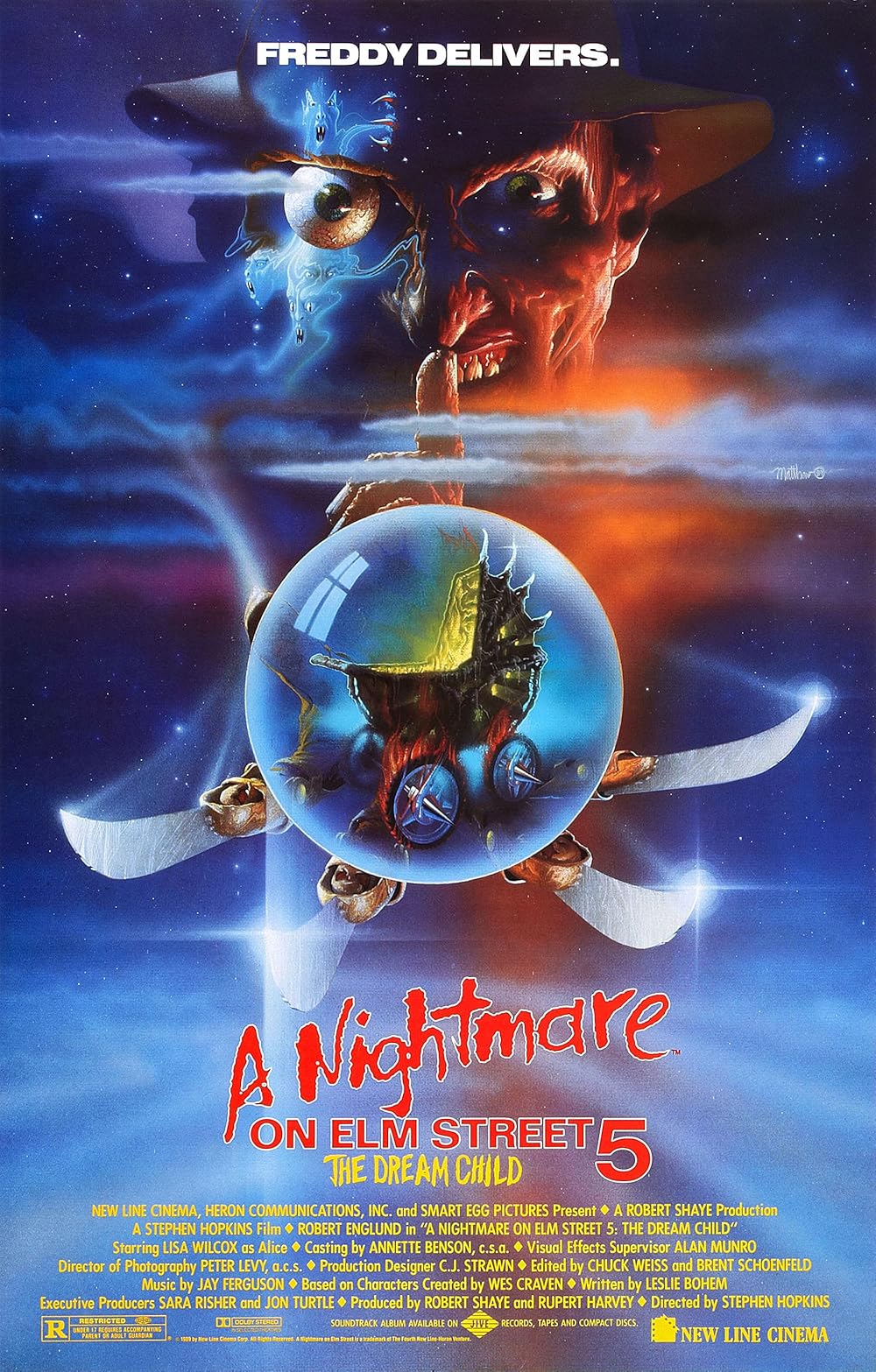 A Nightmare On Elm Street 5 - The Dream Child (1989)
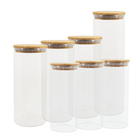Potes De Vidro P/ Mantimentos C/ Tampa Bambu Oikos - 7 Pçs Na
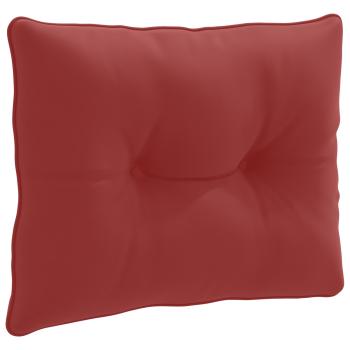 R Rückenkissen PUTTEN 100 % Polyester Weinrot 50 x 40 x 10 cm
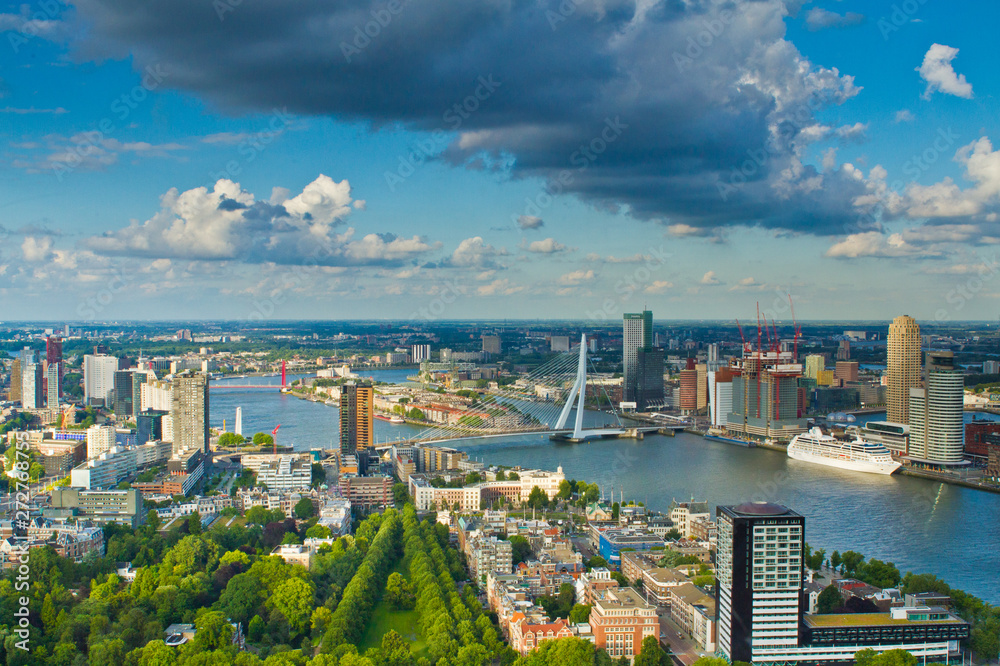 Panoramablick auf Rotterdam, Niederlande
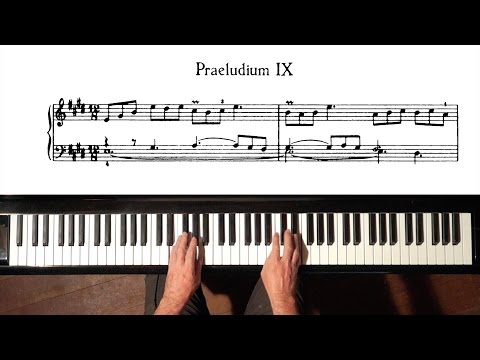 Bach Prelude and Fugue No.9 Well Tempered Clavier, Book 1 with Harmonic Pedal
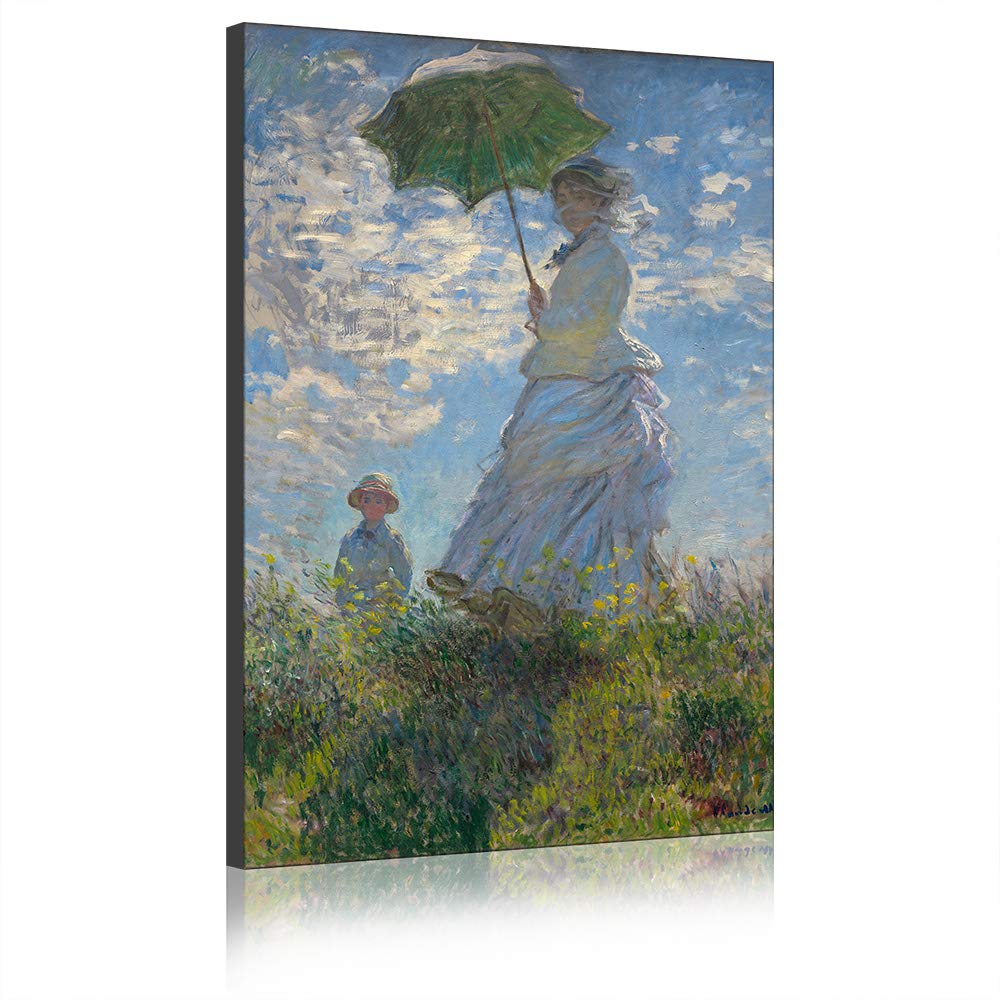 Les Femmes et les Enfants de Claude Monet, grande toile murale pour salon lumineux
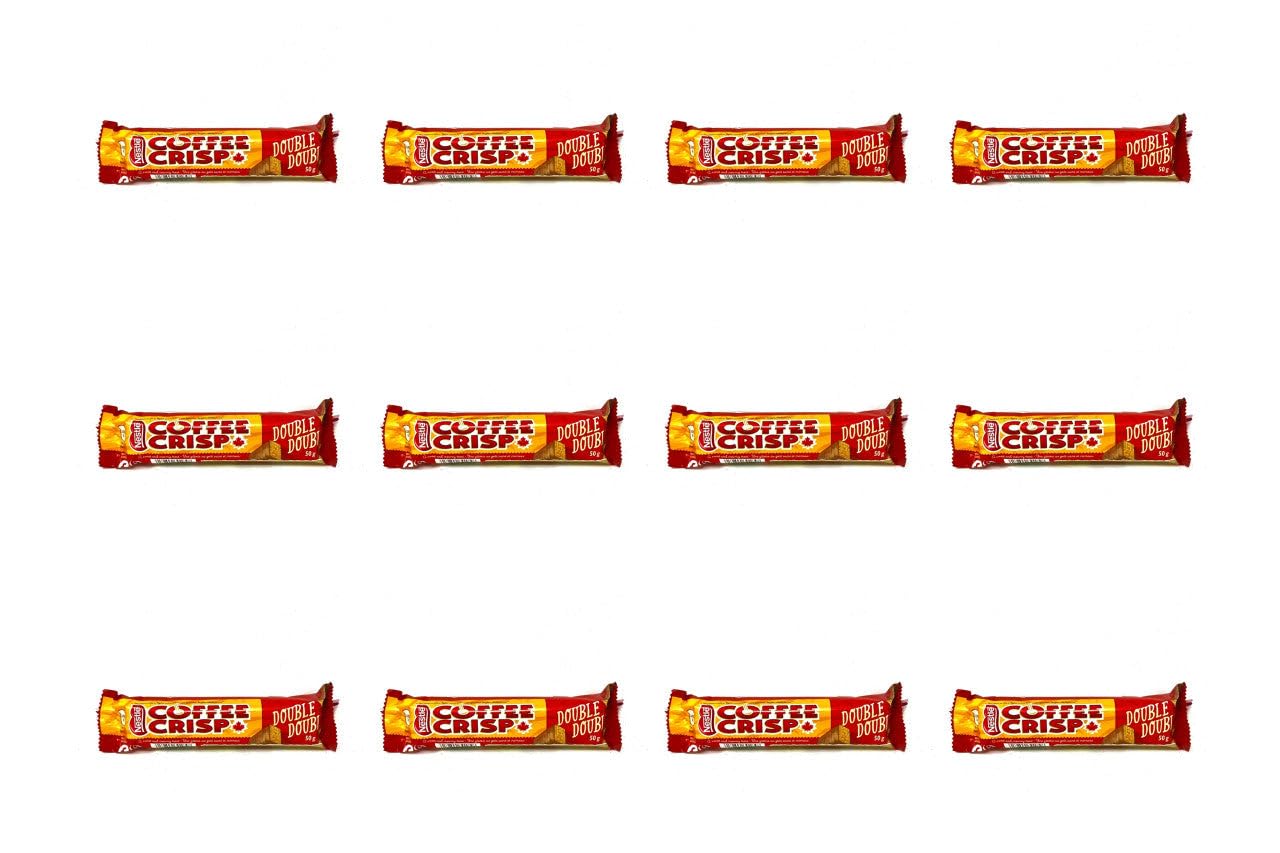 Nestle Coffee Crisp Chocolate Bars 12ct - Double Chocolate for Snacking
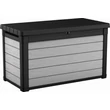 Kép 1/3 - Keter Denali DuoTech 380L kerti box szürke (610050)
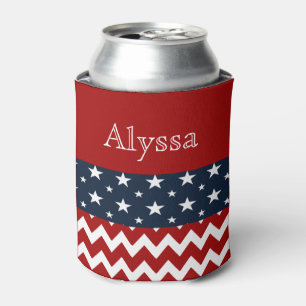 4th July Personalized Can Holder Cooler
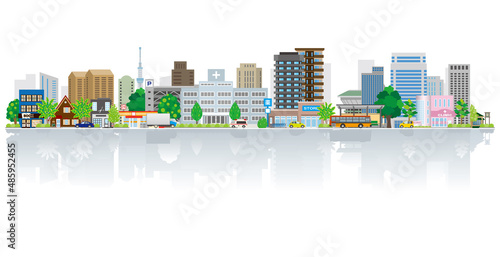 街並みのベクターイラスト.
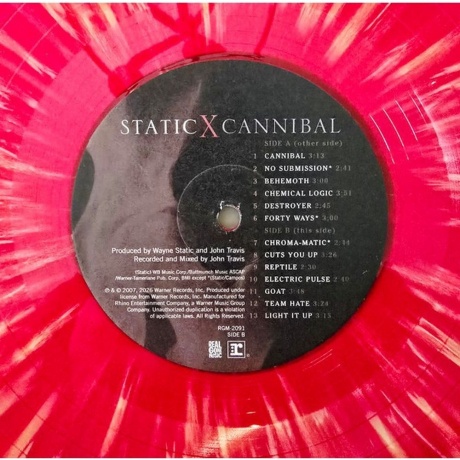 Static X - Cannibal (Blood &amp; Bronze Splatter) (848064020912) - фото 3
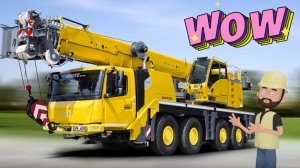 Мультик про машинки - Трактор, Экскаватор и Подъемный кран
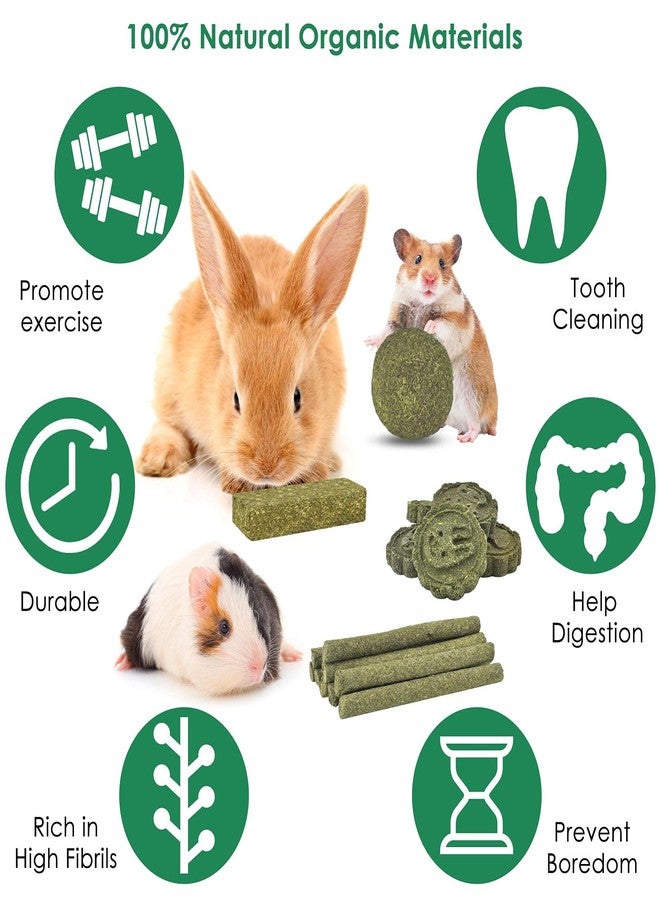 ERKOON 25Pcs Bunny Chew Toys, 100% Natural Timothy Hay Biscuit&Treats Sticks, Chew Toy for Teeth for Rabbit Chinchilla Guinea Pig Hamster Gerbil Squirrel, 8.5oz - Image 2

> WORK TO BE COMPLETED:
Copy word for word only the lines above from the one with "Les Femmes et" through the one with "Мультик про машинки". Leave pictures out.

> SOLUTION FOR THIS TASK:
 Les Femmes et les Enfants de Claude Monet, grande toile murale pour salon lumineux
 Nestle Coffee Crisp Chocolate Bars 12ct - Double Chocolate for Snacking
 Kép 1/3 - Keter Denali DuoTech 380L kerti box szürke (610050)
 4th July Personalized Can Holder Cooler
 街並みのベクターイラスト.
 Static X - Cannibal (Blood &amp; Bronze Splatter) (848064020912) - фото 3
 Мультик про машинки - Трактор, Экскаватор и Подъемный кран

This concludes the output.